Captioned web image data
........
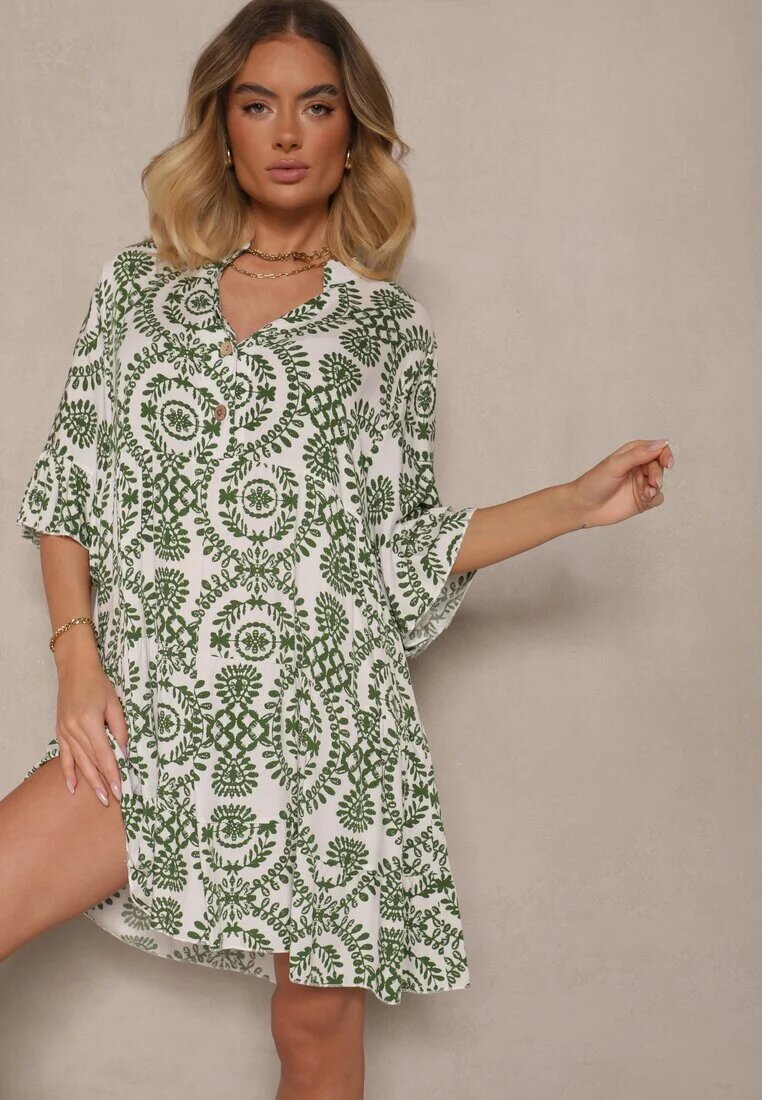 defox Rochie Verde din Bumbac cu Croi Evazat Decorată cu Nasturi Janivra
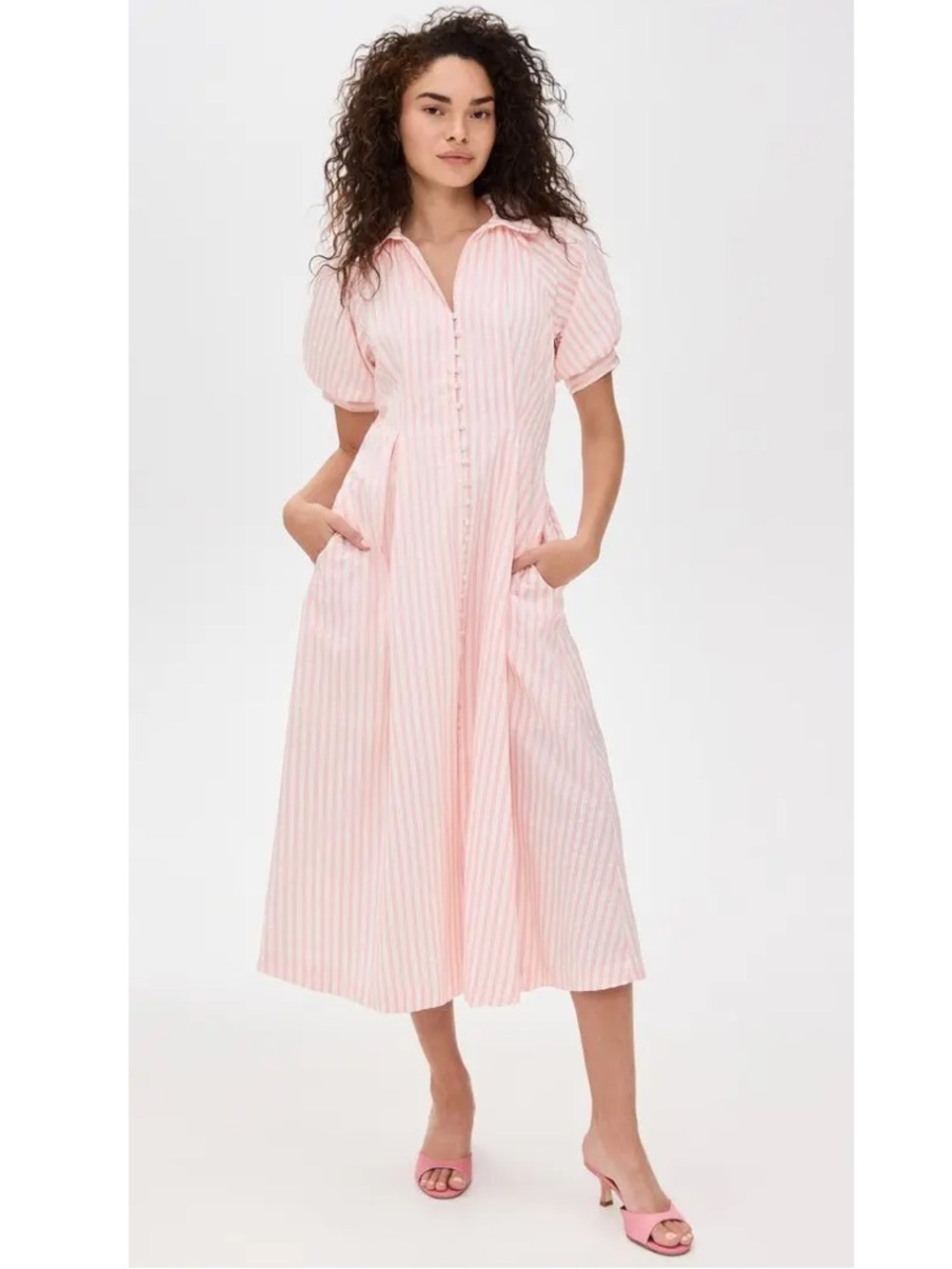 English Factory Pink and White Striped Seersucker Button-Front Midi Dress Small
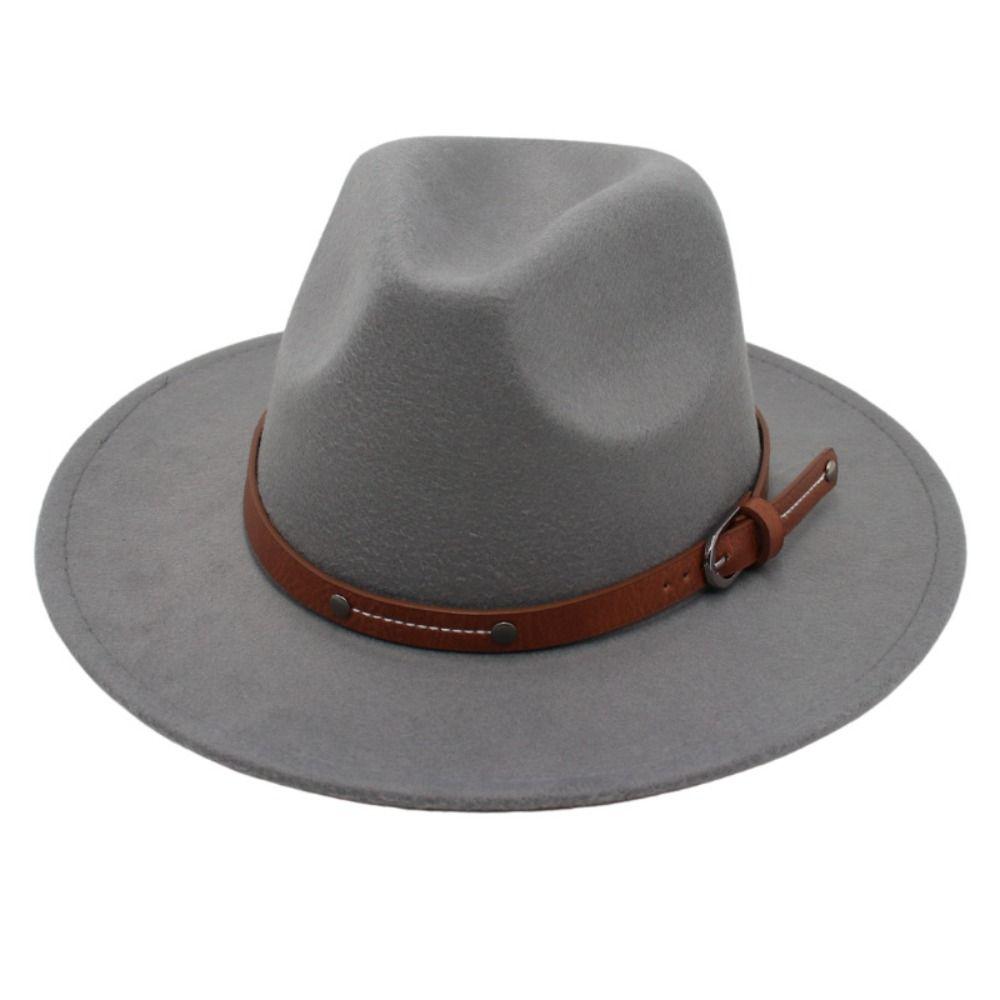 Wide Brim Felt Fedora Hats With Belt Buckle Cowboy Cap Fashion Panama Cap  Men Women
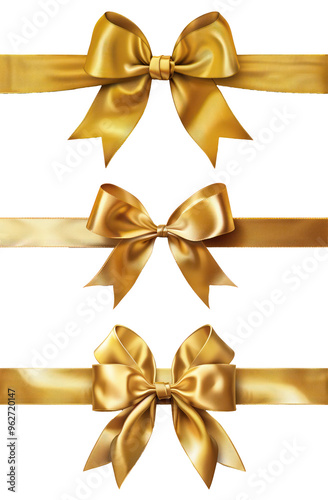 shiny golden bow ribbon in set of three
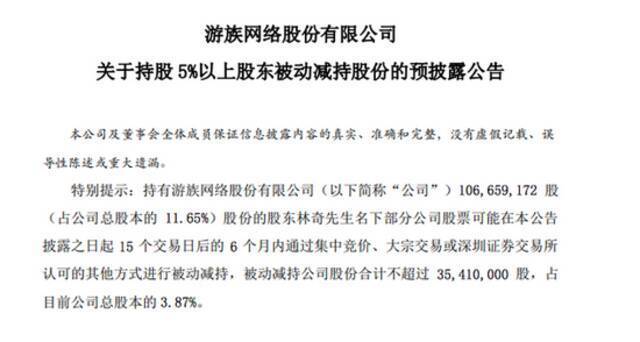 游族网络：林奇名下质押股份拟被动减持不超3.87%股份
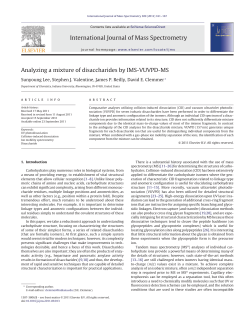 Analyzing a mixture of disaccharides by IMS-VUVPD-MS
........
With the pictures left out, return each entry exactly as written.

 defox Rochie Verde din Bumbac cu Croi Evazat Decorată cu Nasturi Janivra
 English Factory Pink and White Striped Seersucker Button-Front Midi Dress Small
 Wide Brim Felt Fedora Hats With Belt Buckle Cowboy Cap Fashion Panama Cap  Men Women
 shiny golden bow ribbon in set of three
 游族网络：林奇名下质押股份拟被动减持不超3.87%股份
 Analyzing a mixture of disaccharides by IMS-VUVPD-MS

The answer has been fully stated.